Yang Qian, Sing-Long Carlos A, Reed Evan J
Institute for Computational and Mathematical Engineering , Stanford University , Stanford , 94305 , USA . Email:
Mathematical and Computational Engineering , School of Engineering , Pontificia Universidad Catolica de Chile , Santiago , Chile . Email:
Chem Sci. 2017 Aug 1;8(8):5781-5796. doi: 10.1039/c7sc01052d. Epub 2017 Jun 19.
We propose a novel statistical learning framework for automatically and efficiently building reduced kinetic Monte Carlo (KMC) models of large-scale elementary reaction networks from data generated by a single or few molecular dynamics simulations (MD). Existing approaches for identifying species and reactions from molecular dynamics typically use bond length and duration criteria, where bond duration is a fixed parameter motivated by an understanding of bond vibrational frequencies. In contrast, we show that for highly reactive systems, bond duration should be a model parameter that is chosen to maximize the predictive power of the resulting statistical model.
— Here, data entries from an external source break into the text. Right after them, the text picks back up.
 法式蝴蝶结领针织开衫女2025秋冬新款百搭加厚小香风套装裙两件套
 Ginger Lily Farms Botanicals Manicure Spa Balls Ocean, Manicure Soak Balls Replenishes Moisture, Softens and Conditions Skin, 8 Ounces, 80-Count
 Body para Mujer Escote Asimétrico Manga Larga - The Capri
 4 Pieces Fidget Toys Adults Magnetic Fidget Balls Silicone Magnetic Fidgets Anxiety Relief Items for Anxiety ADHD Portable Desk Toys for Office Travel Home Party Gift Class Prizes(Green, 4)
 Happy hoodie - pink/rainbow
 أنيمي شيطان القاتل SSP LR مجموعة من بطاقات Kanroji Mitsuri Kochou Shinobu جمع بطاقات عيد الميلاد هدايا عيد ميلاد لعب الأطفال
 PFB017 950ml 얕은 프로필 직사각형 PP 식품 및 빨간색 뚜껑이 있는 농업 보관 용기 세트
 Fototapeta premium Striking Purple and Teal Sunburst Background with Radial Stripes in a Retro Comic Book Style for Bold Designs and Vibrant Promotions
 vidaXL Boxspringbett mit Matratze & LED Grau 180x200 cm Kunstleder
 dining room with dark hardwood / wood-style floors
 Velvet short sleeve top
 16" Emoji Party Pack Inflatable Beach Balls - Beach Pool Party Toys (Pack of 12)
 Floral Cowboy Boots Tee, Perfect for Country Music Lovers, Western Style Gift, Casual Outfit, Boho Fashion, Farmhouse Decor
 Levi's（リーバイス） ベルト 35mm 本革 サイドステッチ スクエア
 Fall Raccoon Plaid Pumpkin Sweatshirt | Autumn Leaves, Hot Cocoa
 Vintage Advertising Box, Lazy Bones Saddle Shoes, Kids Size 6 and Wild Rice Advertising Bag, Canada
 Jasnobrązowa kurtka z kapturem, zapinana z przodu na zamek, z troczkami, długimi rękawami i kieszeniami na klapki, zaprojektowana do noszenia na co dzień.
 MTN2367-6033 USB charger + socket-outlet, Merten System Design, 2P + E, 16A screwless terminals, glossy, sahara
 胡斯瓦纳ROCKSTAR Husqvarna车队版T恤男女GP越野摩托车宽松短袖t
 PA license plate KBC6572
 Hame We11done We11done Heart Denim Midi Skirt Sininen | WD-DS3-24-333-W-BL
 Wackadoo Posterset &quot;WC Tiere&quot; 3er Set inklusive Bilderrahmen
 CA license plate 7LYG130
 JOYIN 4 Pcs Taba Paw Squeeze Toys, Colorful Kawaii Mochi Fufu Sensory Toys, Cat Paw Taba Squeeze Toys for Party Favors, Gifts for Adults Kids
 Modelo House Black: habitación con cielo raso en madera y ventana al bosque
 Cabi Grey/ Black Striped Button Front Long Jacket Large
We demonstrate our method on a high temperature, high pressure system of reacting liquid methane, and show that the learned KMC model is able to extrapolate more than an order of magnitude in time for key molecules. Additionally, our KMC model of elementary reactions enables us to isolate the most important set of reactions governing the behavior of key molecules found in the MD simulation. We develop a new data-driven algorithm to reduce the chemical reaction network which can be solved either as an integer program or efficiently using L1 regularization, and compare our results with simple count-based reduction. For our liquid methane system, we discover that rare reactions do not play a significant role in the system, and find that less than 7% of the approximately 2000 reactions observed from molecular dynamics are necessary to reproduce the molecular concentration over time of methane. The framework described in this work paves the way towards a genomic approach to studying complex chemical systems, where expensive MD simulation data can be reused to contribute to an increasingly large and accurate genome of elementary reactions and rates.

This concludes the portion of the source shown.